The Patriot Post® · Revisionist History Strikes Yale
Yale University has joined the Left’s campaign of historical purges. Not that it was unforeseen or unexpected. We alerted readers to Yale’s disgraceful capitulation to revisionist history back in August, when the school formed a Committee to Establish Principles on Renaming. It’s goal? To “develop clearly delineated principles to guide the university’s decisions on proposals to remove a historical name from a building or similarly prominent structure or space on campus.”
Six months later, the institution has declared officially that John C. Calhoun will no longer represent Calhoun College, a residential college erected in 1933 whose moniker, we’re haughtily lectured, improperly dignifies the racist ex-politician and Yale alumnus. His replacement will be Grace Hopper, who served in the Navy and became famous for developing the field of computer science. Calhoun, like so many during his time, was a passionate promoter of slave ownership, an admittedly regrettable and indefensible position that, curiously, has culminated into a pivotal sticking point some 167 years after his death. Enter Case No. Umpteen in bizarre selective outrage and double standards.
As Roger Kimball observes in The Wall Street Journal, “Calhoun owned slaves. But so did Timothy Dwight, Calhoun’s mentor at Yale, who has a college named in his honor. So did Benjamin Silliman, who also gives his name to a residential college, and whose mother was the largest slave owner in Fairfield County, Conn. So did Ezra Stiles, John Davenport and even Jonathan Edwards, all of whom have colleges named in their honor at Yale.” Where are the demands to repudiate them and others like Elihu Yale, whose early benevolence not only helped facilitate the development of Yale College but eventually persuaded school officials to name the school after him?

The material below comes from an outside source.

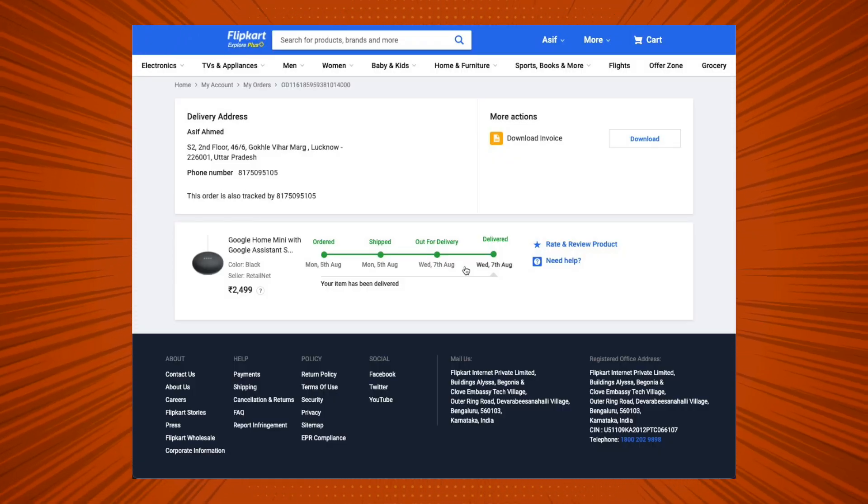Now integrating my review with a comparison of both devices: the build quality is pretty similar, though it's not entirely fair to compare them physically since they're from different generations. The Google Home Mini — now called Google Nest Mini — cost me around rupees 2500 in 2019, and it's second generation, while the Amazon Echo Dot is third generation. That said, the bass on the Echo Dot is much better, and it is also around 500 rupees cheaper than what I paid for the Google Home Mini.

As Kimball explains, “[W]hereas the 11th edition of the Encyclopaedia Britannica praises Calhoun for his ‘just and kind’ treatment of slaves and the ‘stainless integrity’ of his character, Elihu Yale had slaves flogged, hanged a stable boy for stealing a horse, and was eventually removed from his post in India for corruption. Is all that not ‘fundamentally at odds’ with the mission of Peter Salovey’s Yale?” Apparently, the administration doesn’t have time to contemplate such things. It’s too busy sanctioning parties for the less-than-honorable Black Panthers.